Antes de mais, para além de ser, como já referido, o primeiro documento oficial respeitante a questões de Defesa e Estratégia Nacional, onde o Mar assume, de facto, explicitamente, sem ambiguidades nem equívocos, a devida prioridade, tudo o mais daí decorrendo, se procede igualmente a uma análise das respectivas Potencialidades, Oportunidades, Vulnerabilidades e Ameaças, tornando assim também perfeitamente claro as Linhas de Acção o Plano Operacional proposto, sem esquecer a devida e determinante monitorização da respectiva concretização e realização.

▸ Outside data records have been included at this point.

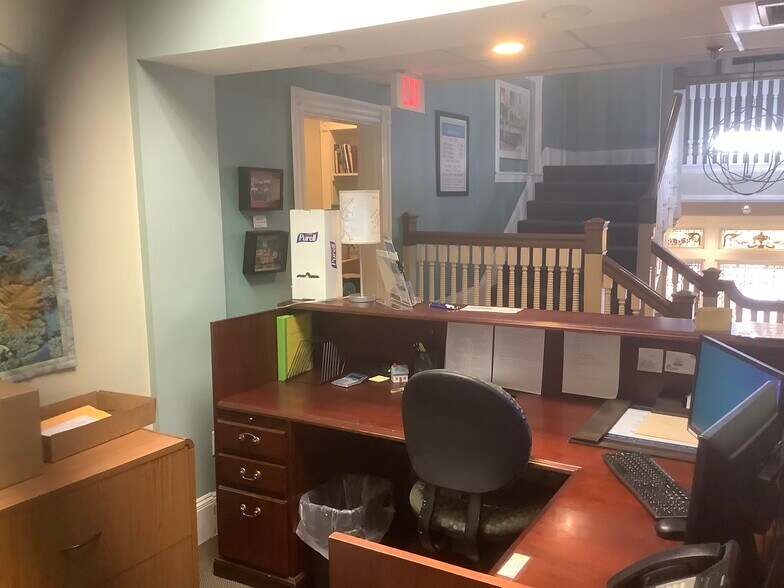 More Photos Of 1583 Beacon St, Brookline Office For Sale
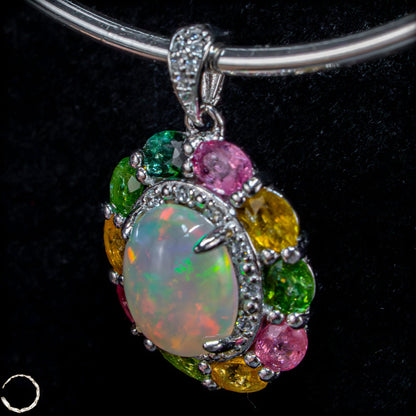 Welo Opal & Turmalin Anhänger – Farbenpracht in vollendeter Harmonie 3,47g 17,35ct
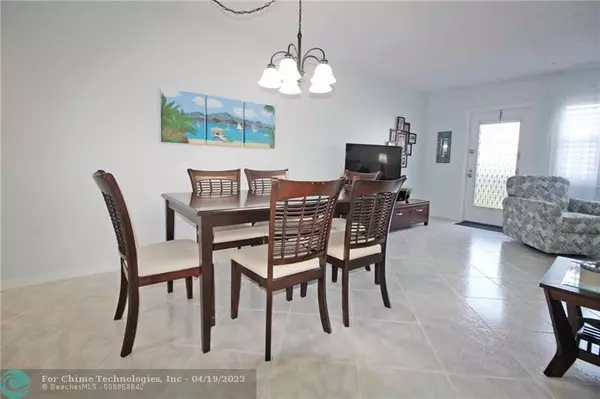 Deerfield Beach, FL 33442,126 Oakridge J  #126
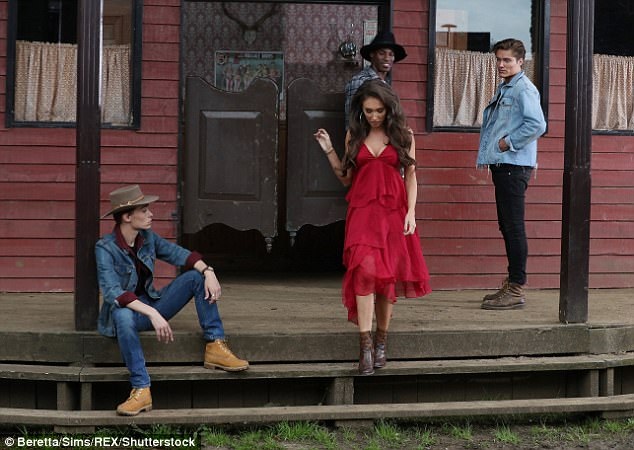 Sao truyền hình thực tế gây choáng với khả năng ca hát - 4
High Heeled Shoes là ca khúc mang âm hưởng nhạc đồng quê và đã lọt bảng xếp hạng iTunes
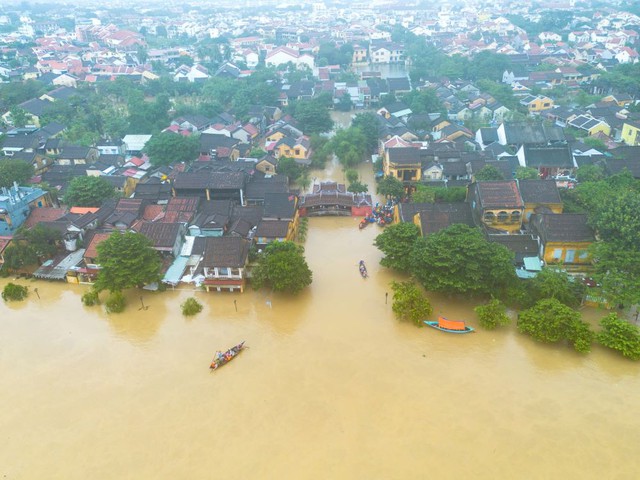 Floods kill 10, leave 8 missing in central Viet Nam - Ảnh 6. Floods kill 10, leave 8 missing in central Viet Nam - Ảnh 6.
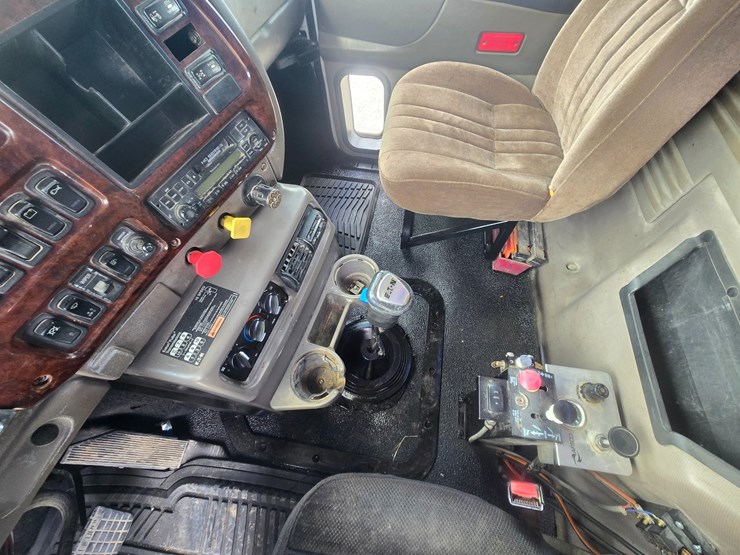 2003-mack-ch613-image-86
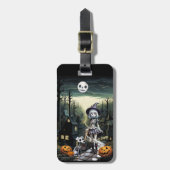 月明かりの中でスケールの女の子と彼女の顔 ラゲッジタグ (正面縦)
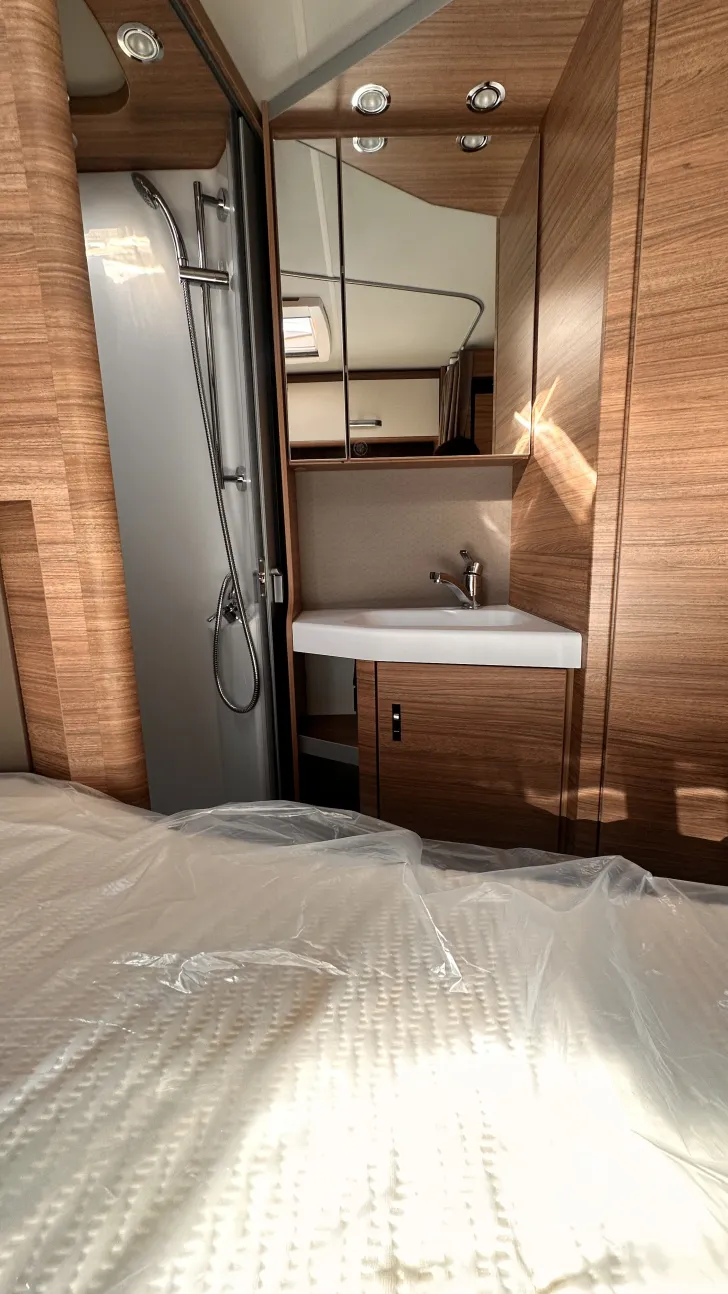 Fahrzeugbild Weinsberg CaraCompact 600 MF EDITION [PEPPER] Automatikgetriebe #19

Em simultâneo, nunca será demais destacar igualmente a enfeze colocada na unidade das Forças Armadas e do todo nacional, reforçando o conceito de duplo-uso e de maior proximidade das próprias Forças Aramadas à Protecção Civil, bem como, de algum modo, consequentemente, a importância da racionalização de meios, que, afigurando-se questões menores ou, eventualmente, dadas como adquiridas, infelizmente, sabe-se bem como nem sempre assim é. Bem pelo contrário.

Por outro lado, não pretendendo sermos exaustivos e independentemente de outros assuntos que ultrapassam um pouco o âmbito marítimo, como a reestruturação do próprio EMGA, não deixará de ser importante não deixar de sublinhar a atenção prestada igualmente à crescente ameaça de ciberataques, um tema, por vezes, nem sempre devidamente tido em consideração mas, hoje, de facto e cada vez mais, de crucial importância.

De qualquer modo, por inédito que seja, a publicação pelo EMGFA desta Directa Estratégica, assume indiscutível relevância num momento de tão ampla transformação estratégica sem que, tanto quanto se possa perceber, o actual Governo esteja a atribuir a necessária e devida atenção.

Como o actual Almirante Chefe do Estado-Maior da Armada, António Mendes Calado, não deixou de acentuar no seu discurso do passado Dia da Marinha, tanto o processo de adjudicação dos restantes seis Patrulhas Oceânicos, a serem contruídos nos Estaleiros de Viana do Castelo da West Sea, como o conhecimento do mar sob jurisdição nacional, são duas prioridades da Marinha.

Percebe-se fácil e exactamente o porquê de tal chamada de atenção, a questão, porém, não é essa mas a de saber se tanto o Comandante Supremo das Forças Armadas quanto o próprio Governo, estão igualmente conscientes da crucial importância de ambas as questões.

Se assim não for, que a Directiva posa funciona um contributo para que assim seja, é quanto resta esperar _ sob pena de nos podermos dar como nação, de uma vez por todas, definitivamente passada à História.